In the entries that follow, find the line containing "在浴室盆边洗手签 — 图库照片" and the line containing "SHOWING BY APPOINTMENT", then copy exactly everything from the first through the second except the pictures.

* **Records for processing**
════════════════

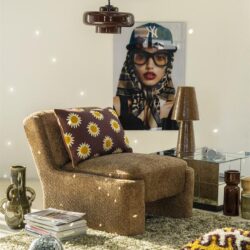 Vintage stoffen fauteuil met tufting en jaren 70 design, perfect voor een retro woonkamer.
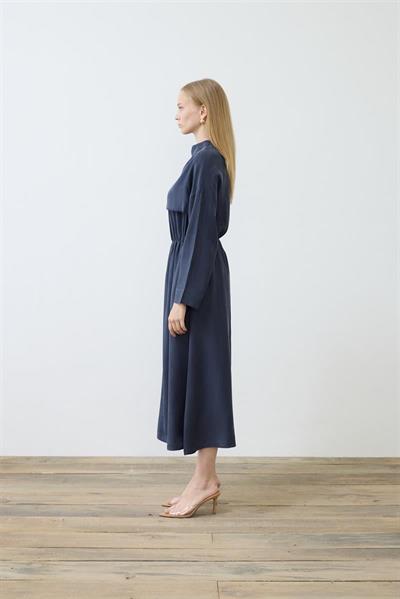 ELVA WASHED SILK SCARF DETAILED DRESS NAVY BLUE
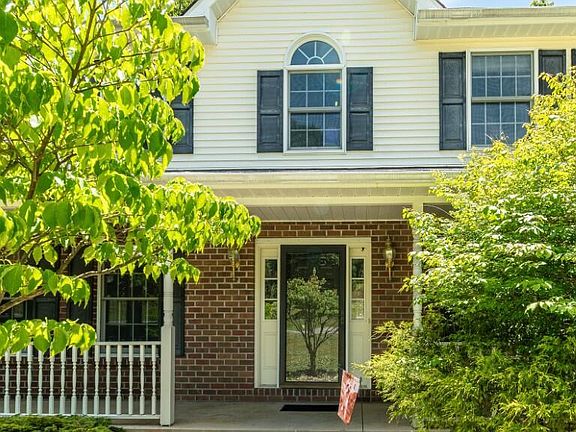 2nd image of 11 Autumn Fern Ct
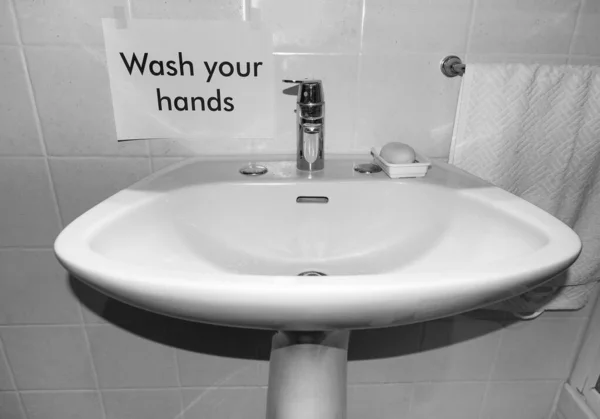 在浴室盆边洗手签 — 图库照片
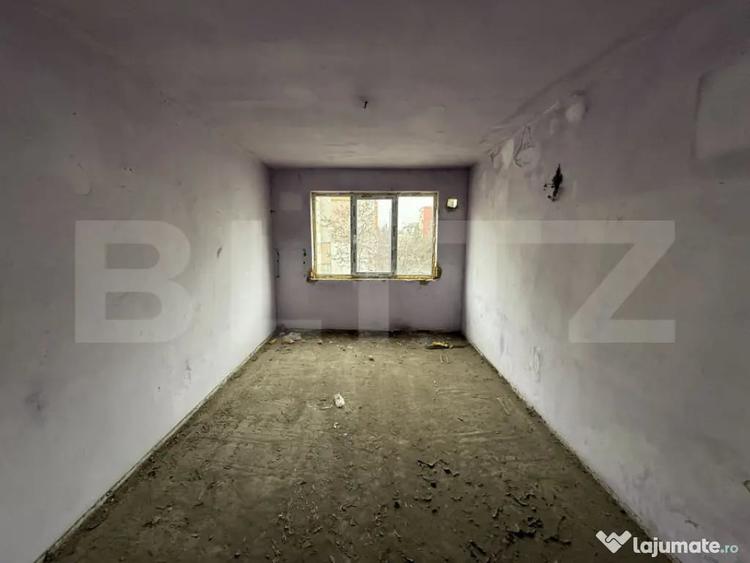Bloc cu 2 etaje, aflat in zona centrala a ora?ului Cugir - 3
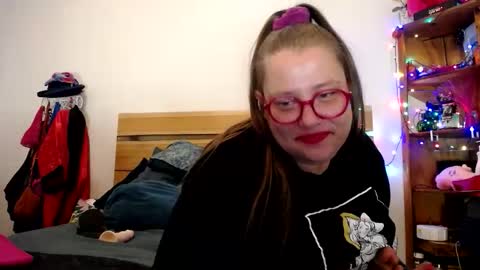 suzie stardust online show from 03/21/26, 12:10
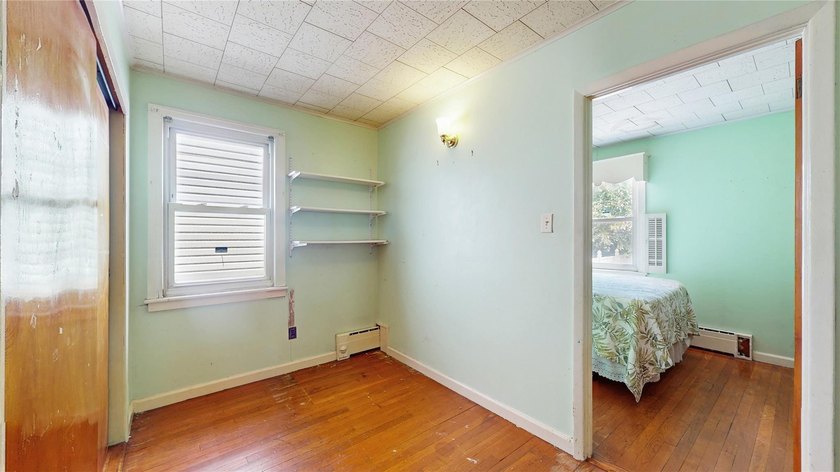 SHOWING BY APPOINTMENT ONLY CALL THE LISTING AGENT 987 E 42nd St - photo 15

════════════════

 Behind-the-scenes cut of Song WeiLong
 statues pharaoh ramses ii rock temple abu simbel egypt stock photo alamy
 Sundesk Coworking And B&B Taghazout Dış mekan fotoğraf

════════════════

* **Answer to this problem**
 在浴室盆边洗手签 — 图库照片
Bloc cu 2 etaje, aflat in zona centrala a ora?ului Cugir - 3
 suzie stardust online show from 03/21/26, 12:10
 SHOWING BY APPOINTMENT ONLY CALL THE LISTING AGENT 987 E 42nd St - photo 15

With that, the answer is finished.